WHAT YOU HAVE TO DO:
With the pictures left out, copy the listing below exactly.

*** DATA TO USE ***

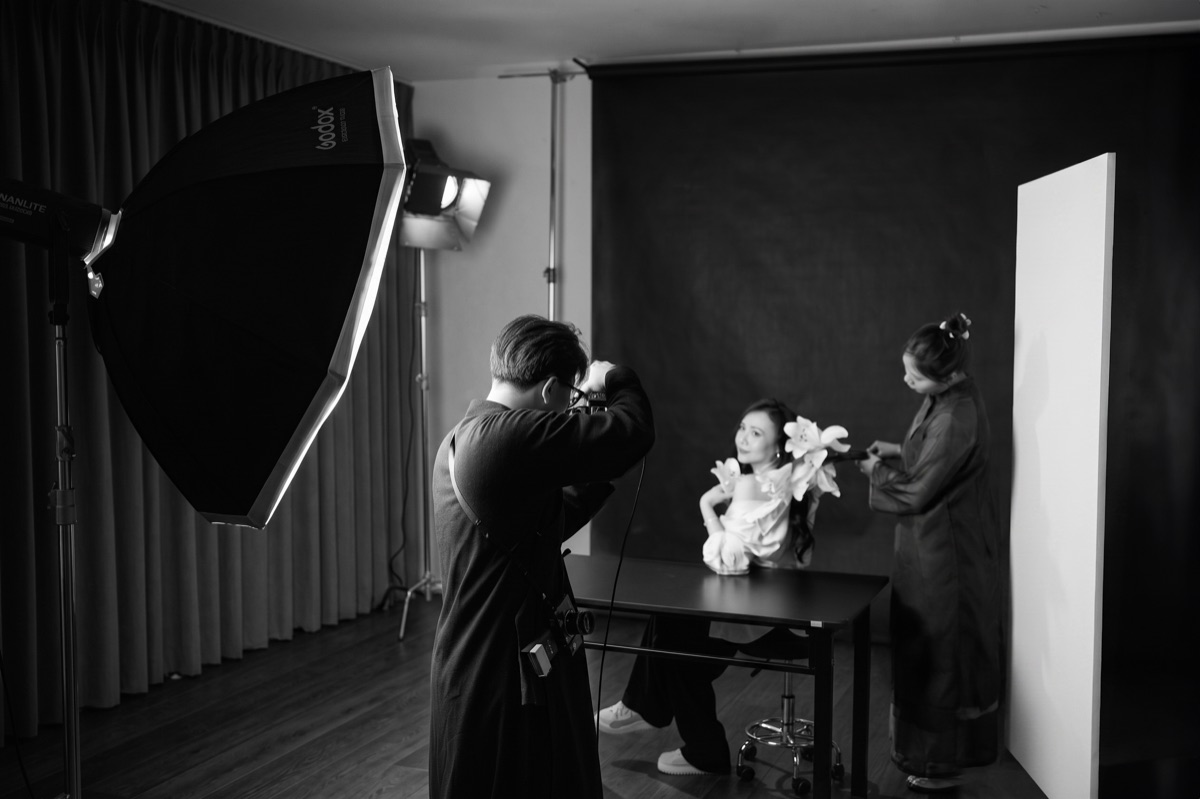 Hậu trường chụp ảnh với đèn studio, nhiếp ảnh gia và stylist tại Gạo Nâu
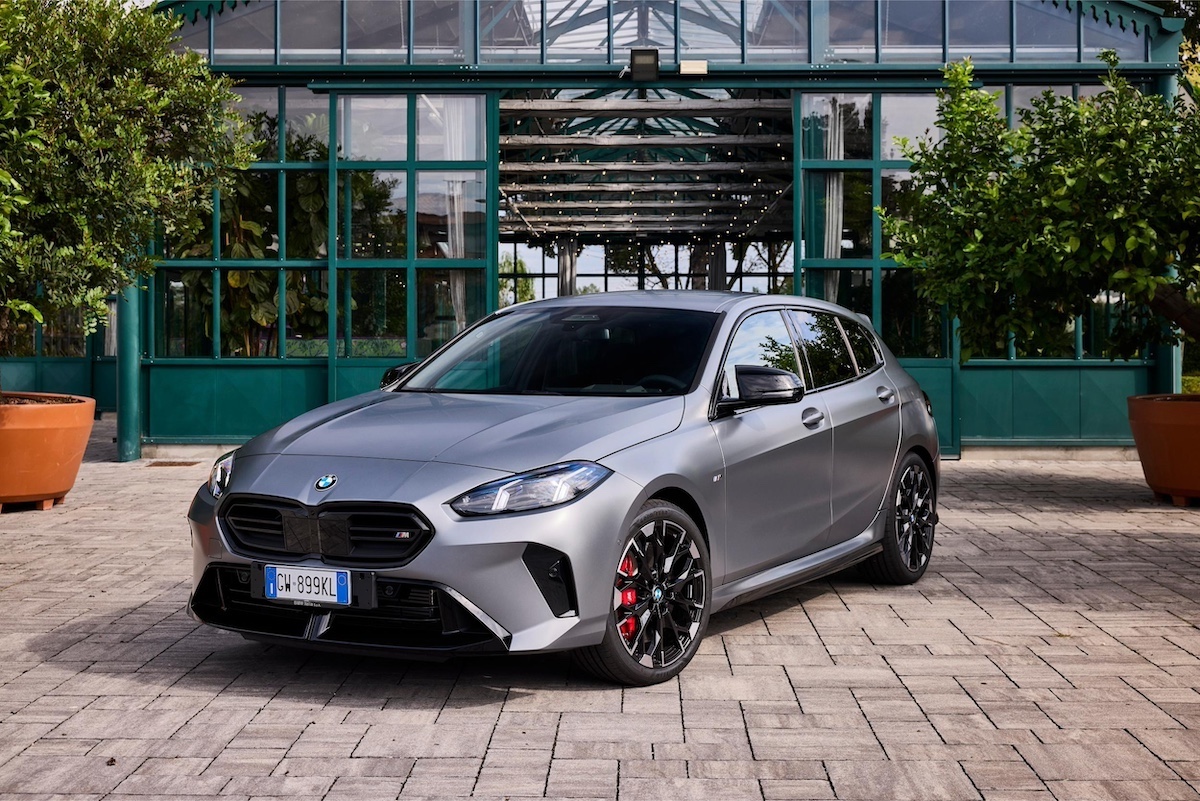 BMW Serie 1: La quarta generazione della compatta premium ridefinisce sportività ed efficienza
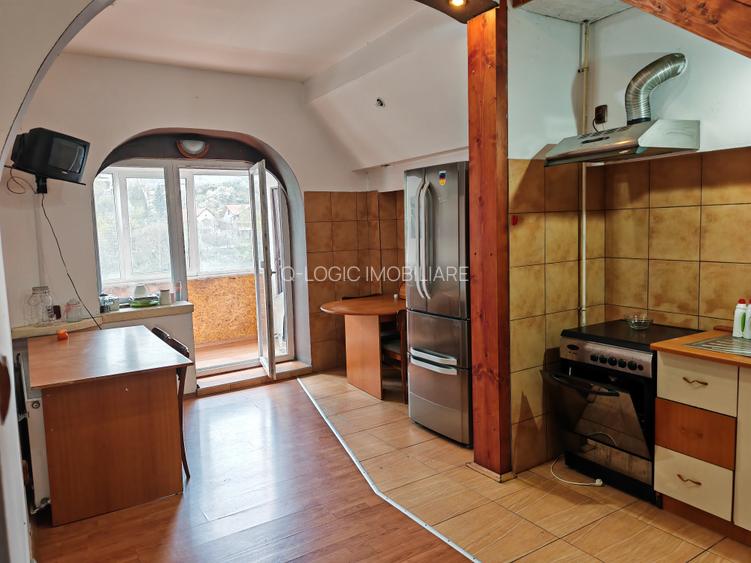 Apartament 4 camere cu priveliste deosebita zona Colinei - 22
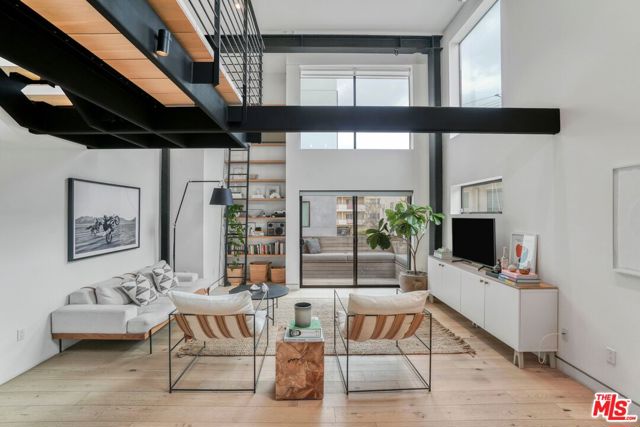 1335 N Fuller Avenue, Los Angeles CA: https://media.crmls.org/mediaz/896d22b7-801f-4135-b806-b579c2f96065.jpg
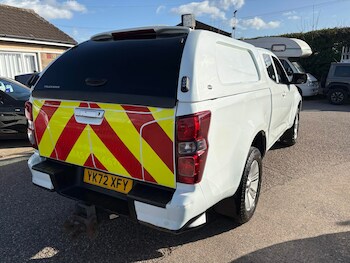 Used Isuzu D-Max 2023 for sale - 77833372: Photo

***

RESPONSE TO THIS TASK:
 Hậu trường chụp ảnh với đèn studio, nhiếp ảnh gia và stylist tại Gạo Nâu
 BMW Serie 1: La quarta generazione della compatta premium ridefinisce sportività ed efficienza
 Apartament 4 camere cu priveliste deosebita zona Colinei - 22
 1335 N Fuller Avenue, Los Angeles CA: https://media.crmls.org/mediaz/896d22b7-801f-4135-b806-b579c2f96065.jpg
 Used Isuzu D-Max 2023 for sale - 77833372: Photo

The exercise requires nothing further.